## DATASET CONTENT

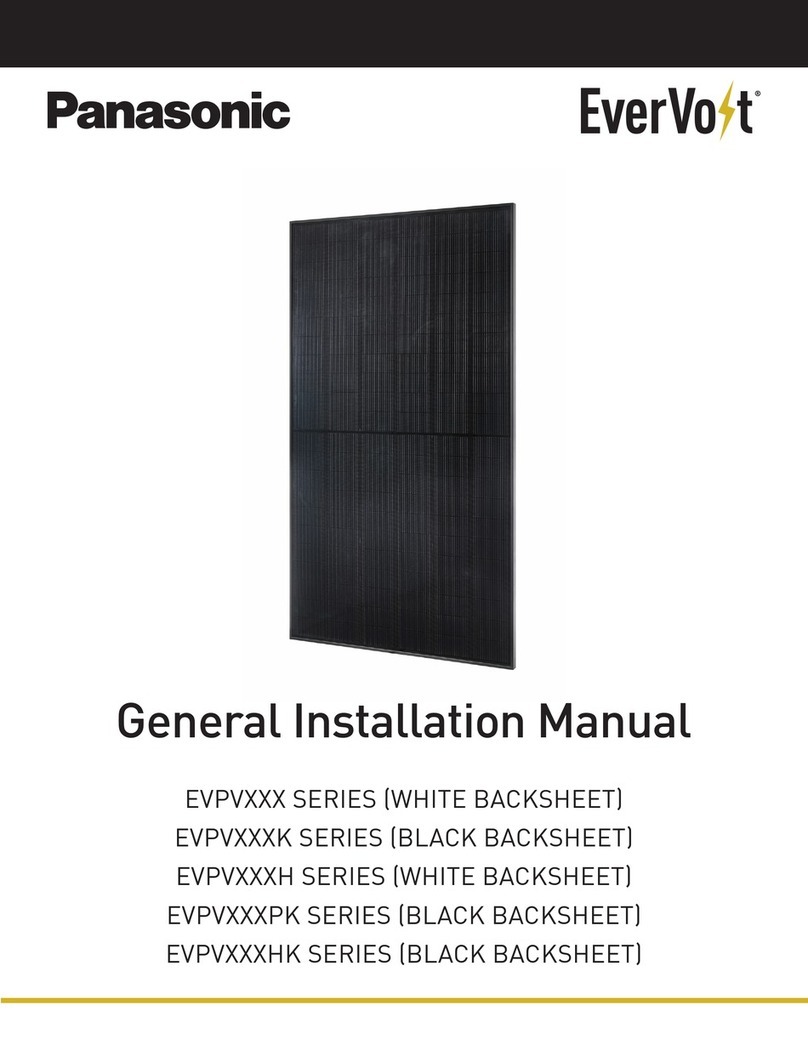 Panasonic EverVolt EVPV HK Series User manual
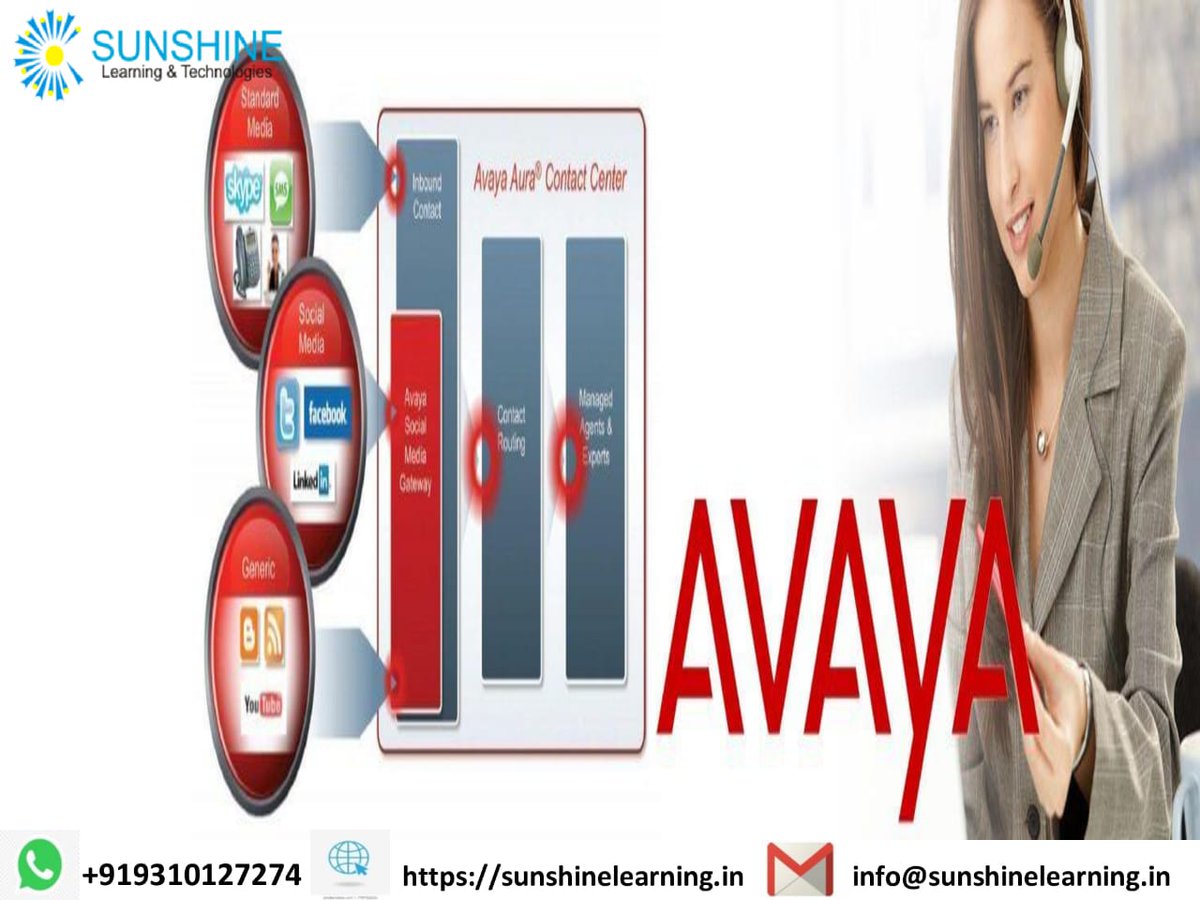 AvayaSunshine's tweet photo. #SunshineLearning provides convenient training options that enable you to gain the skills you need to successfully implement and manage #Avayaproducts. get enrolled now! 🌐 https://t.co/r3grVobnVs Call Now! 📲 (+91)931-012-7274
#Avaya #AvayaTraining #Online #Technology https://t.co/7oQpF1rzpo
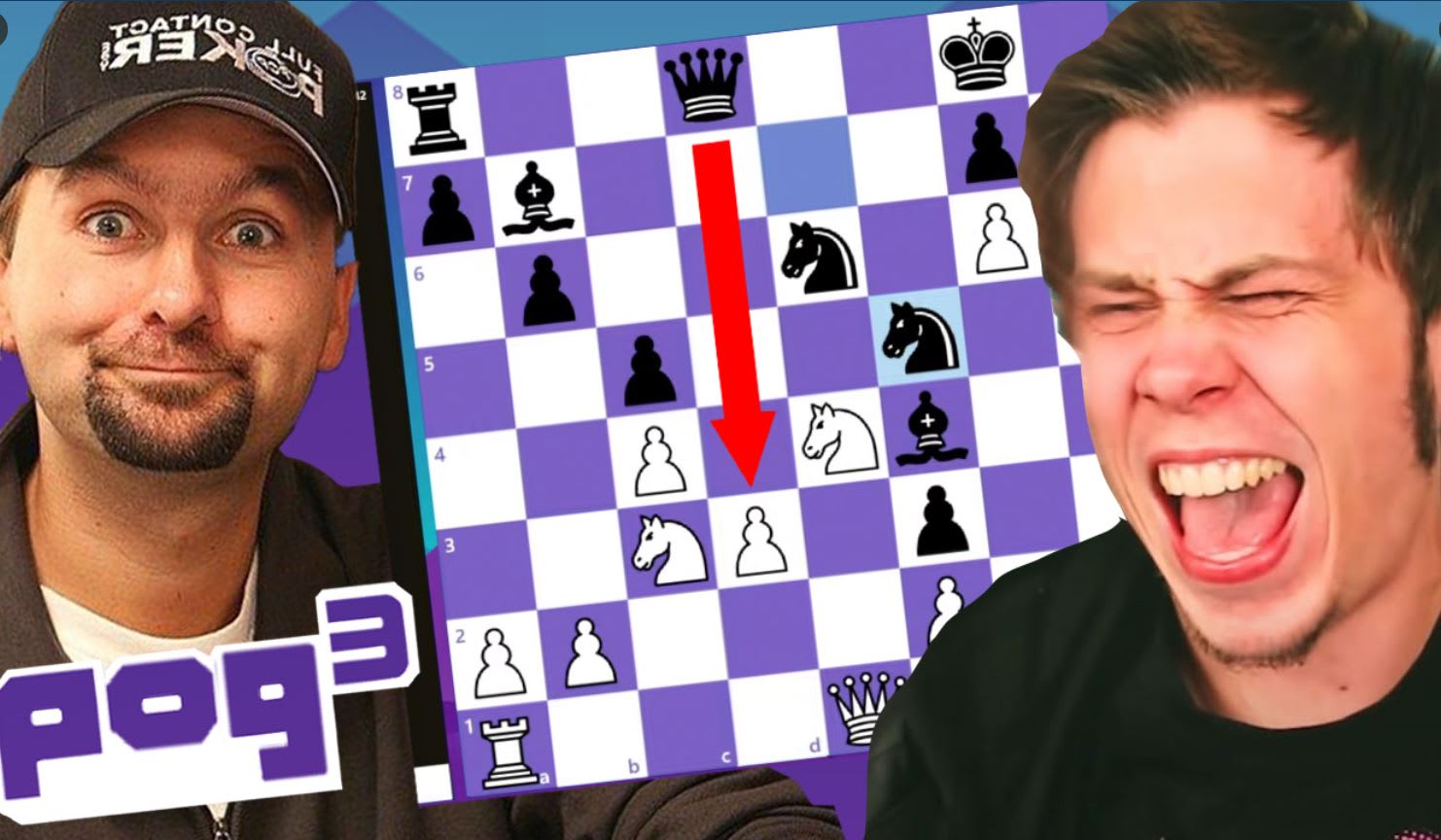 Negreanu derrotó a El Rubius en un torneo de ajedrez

## WHAT THE TASK REQUIRES
Drop the images and return the data verbatim.

## FINISHED EXERCISE
 Panasonic EverVolt EVPV HK Series User manual
 AvayaSunshine's tweet photo. #SunshineLearning provides convenient training options that enable you to gain the skills you need to successfully implement and manage #Avayaproducts. get enrolled now! 🌐 https://t.co/r3grVobnVs Call Now! 📲 (+91)931-012-7274
#Avaya #AvayaTraining #Online #Technology https://t.co/7oQpF1rzpo
 Negreanu derrotó a El Rubius en un torneo de ajedrez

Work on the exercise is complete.